Reaction to the brown cheese ban was swift, with one “woman on the street” telling NRK that she thinks it’s “tragic. I like brown cheese so much myself.” Others called the ban “strange” and “un-Norwegian,” with one man wondering whether “we have so many different kinds of people in Norway now that we can’t serve Norwegian brown cheese anymore.” Told that it was because of concerns about high sugar content, an issue that even former Prime Minister Gro Harlem Brundtland has worked hard to fight against during her years at the World Health Organisation, another woman shook her head and replied, “Oh, is that the reason now…”
‘Some discussion’
Brown cheese (alternately called brunost, geitost or Gudbrandalsost) will also be banned from the after-school programs for older children called SFO (skole fritidsordning).

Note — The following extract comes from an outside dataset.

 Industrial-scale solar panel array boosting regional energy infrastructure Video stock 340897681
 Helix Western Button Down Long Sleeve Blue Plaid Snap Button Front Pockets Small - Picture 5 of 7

Morten Kjær, leader of SFO in Horten, said there was “some discussion” about the ban among personnel, but it ultimately won support.
“We thought at first that ‘does it really matter that the kids get a thin slice here,’ but then someone said that since we do serve a between-meal snack, we might as well offer them something healthier,” Kjær said.
It’s still unclear whether the Horten initiative against the sweet, fatty cheese will spread to other communities, but it’s bad news for its main producer, state dairy cooperative Tine. After years of market domination in Norway, Tine has been increasingly challenged by new fledgling competitors, public outcry over its failure to produce enough butter for the Norwegian market a few years ago, high prices and a new conservative government that wants less market regulation and more choices for Norwegian consumers. Tine also recently faced protests over a proposal to move brown cheese production out of Gudbrandsdalen, where it started.
Jakobsen, meanwhile, is proud of the new “healthier food” program that Horten has rolled out in a short time and with minimal cost to taxpayers. “We know that many children are overweight, and with that comes various illness and psychological problems,” she said. “Preventative measures are the simplest and cheapest way to save the children. It’s not difficult to simply choose healthier, less sweet and fatty foods.” She said that parents can still serve brown cheese to their children at home, “but then it’s good that they won’t get it in the day care centers or schools anymore.”